PROVIDED RECORDS START
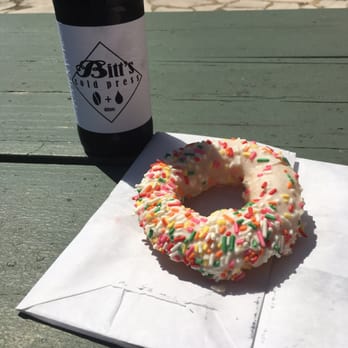 Strange Donuts - Rainbow pony donut and a cold bitt's - Donuts Near Me - Maplewood, Missouri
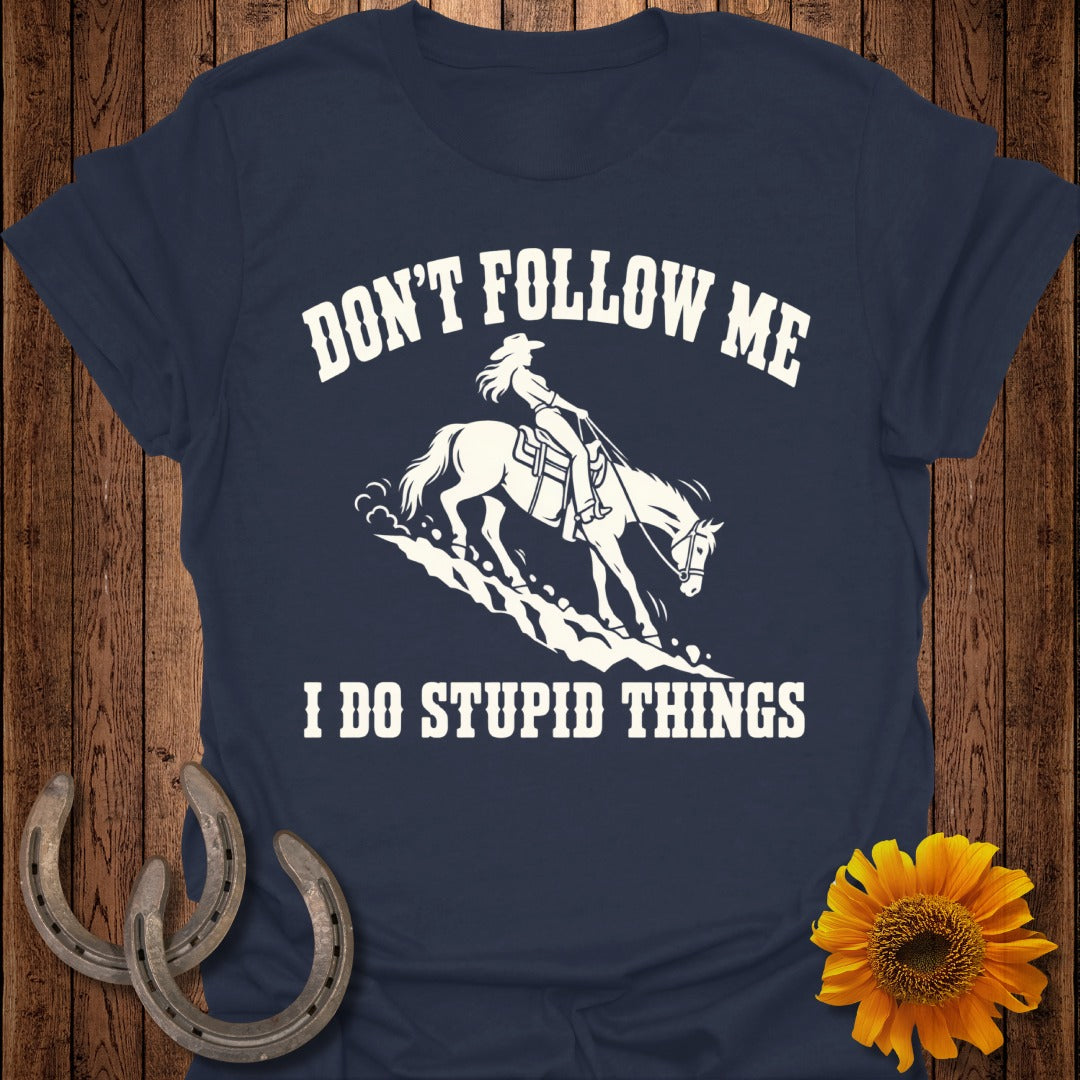 Navy t-shirt with white graphic of a woman on a horse and text: "Don't follow me, I do stupid things."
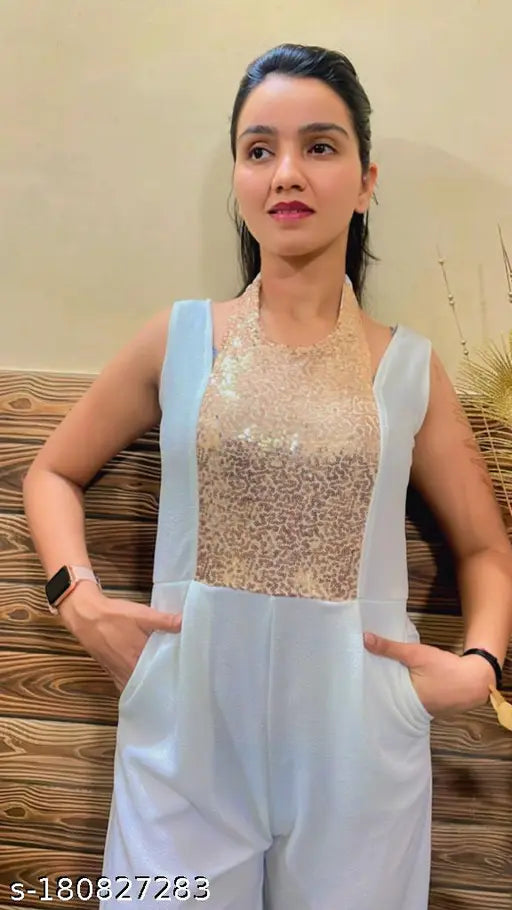 Trendy polyester jumpsuit with sequin embellishments, sleeveless, halter neck, deep v backline, XL size. Indian party wear on mannequin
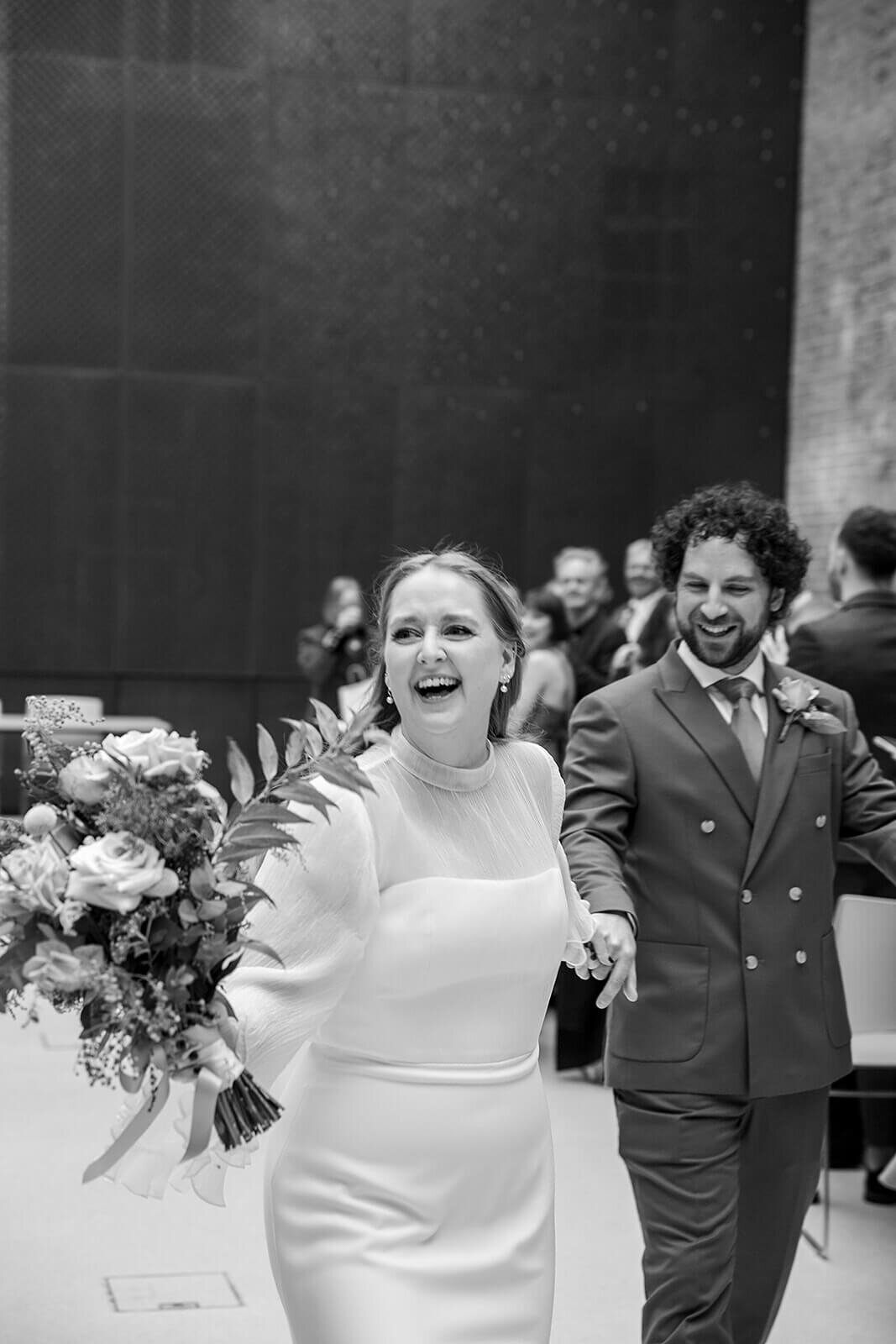 Bride running down aisle  with groom at Hackney Town Hall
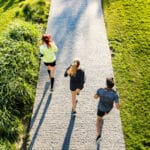 Image of three runners following an interval running workout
PROVIDED RECORDS END
**TASK REQUIREMENTS:** Please write out, word for word, each line from the one with "Navy t-shirt with" to the last line of the data, keeping both ends and omitting pictures.

**ANSWER TO THIS EXERCISE:**
 Navy t-shirt with white graphic of a woman on a horse and text: "Don't follow me, I do stupid things."
 Trendy polyester jumpsuit with sequin embellishments, sleeveless, halter neck, deep v backline, XL size. Indian party wear on mannequin
 Bride running down aisle  with groom at Hackney Town Hall
 Image of three runners following an interval running workout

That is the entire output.